Posted on 2003-12-30 13:36:57 by x86asm
In order to use the Hardware Flipper you must:

a)Be in Exclusive full screen mode (will not work in windowed mode)

1)create PRimary buffer in video ram with flags:
DDSCAPS_PRIMARYSURFACE OR
DDSCAPS_FLIP OR
DDSCAPS_COMPLEX OR
DDSCAPS_VIDEOMEMORY
DDS_COMPLEX
and
ddsd.dwBackBufferCount, 1

Then Use ::GetAttachedSurface to get a pointer to the backbuffer

You will ONLY write to this one from now on :grin:

In your main loop use ::FLIP to switch front and backbuffer

However you can NOT read from video backbuffer because it is in VIDEO memory
SO no alphablending :P

replace rep movsd with a
mov esi,offset source_image
mov edi,lp_backbuffer
mov ecx,nr_dwords_to_copy
@@loop:
mov eax,
mov ,eax
add esi,4
add edi,4
dec ecx
jnz @@loop

it is faster than movsd on big images
for small sizes rep movsd is faster

Do not forget that you CAN NOT READ from video memory or you will get a 100X slower penalty

Also do not forget to use lPitch for width of image and NOT your width
(might loook funny on some video bards or video modes)
do not
Posted on 2003-12-30 14:42:33 by BogdanOntanu

Do not forget that you CAN NOT READ from video memory or you will get a 100X slower penalty

Sorry for hijacking this thread but do you know a solution that gives hardware flips and allows fast blending?

I've been thinking about a quad buffering sceme: two buffers in system memory, two in video memory. The two in system memory are required to always have a target buffer. So while the second buffer is hardware-blitted to video memory, you don't have to wait to continue rendering.

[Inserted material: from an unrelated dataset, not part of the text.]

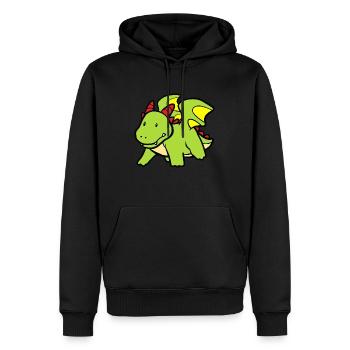 Kleiner Drache - Männer Premium Bio Hoodie - Schwarz - Vorne - Nico (187cm)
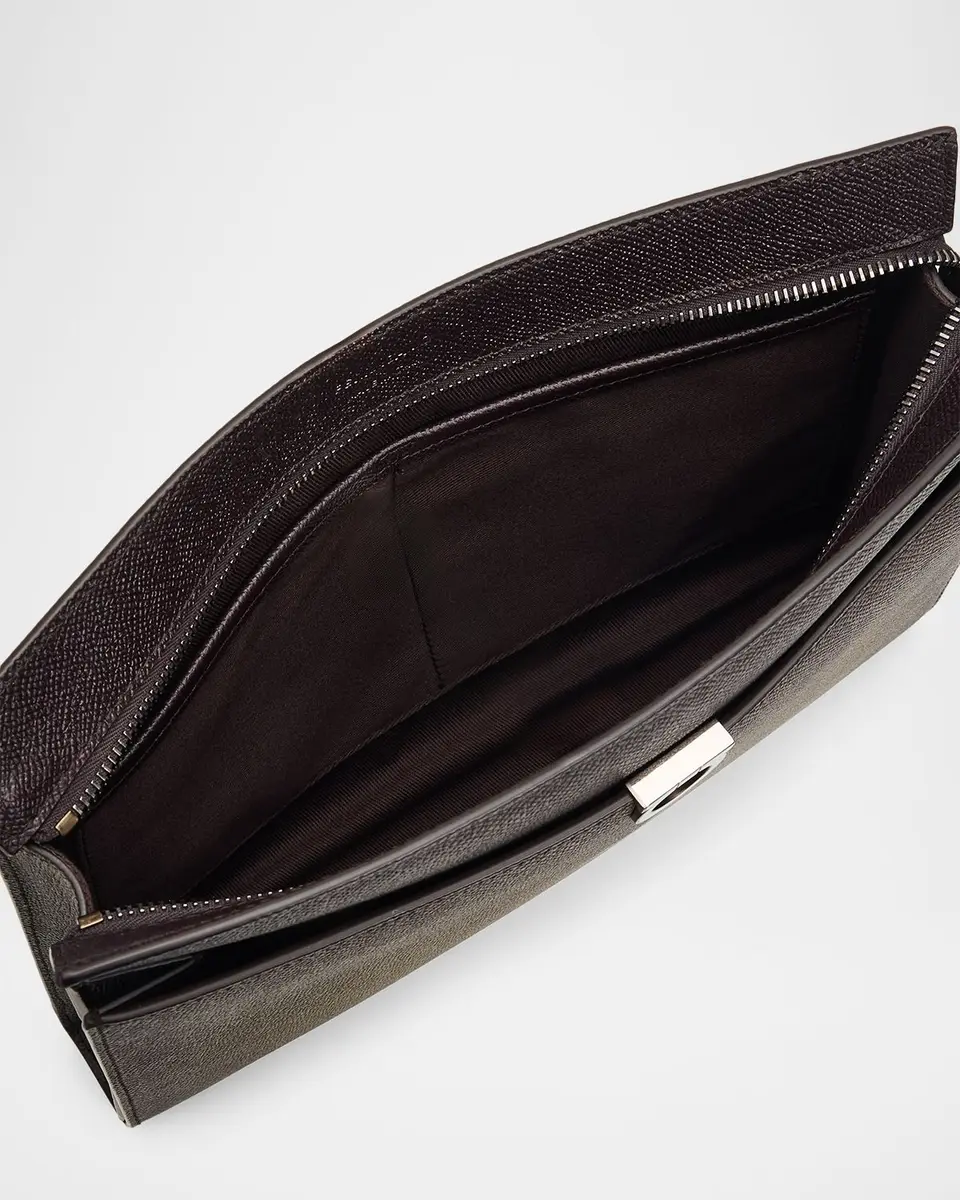 Ferragamo Men's Gancio Hammered Leather Zip Pouch | Thumbnail 4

The two buffers in video memory are required for regular double buffering and avoiding tearing of course.

Would this approach work? And can it be implemented? Thanks!
Posted on 2003-12-30 15:30:06 by C0D1F1ED


Sorry for hijacking this thread but do you know a solution that gives hardware flips and allows fast blending?

I've been thinking about a quad buffering sceme: two buffers in system memory, two in video memory. The two in system memory are required to always have a target buffer. So while the second buffer is hardware-blitted to video memory, you don't have to wait to continue rendering. The two buffers in video memory are required for regular double buffering and avoiding tearing of course.

Would this approach work? And can it be implemented? Thanks!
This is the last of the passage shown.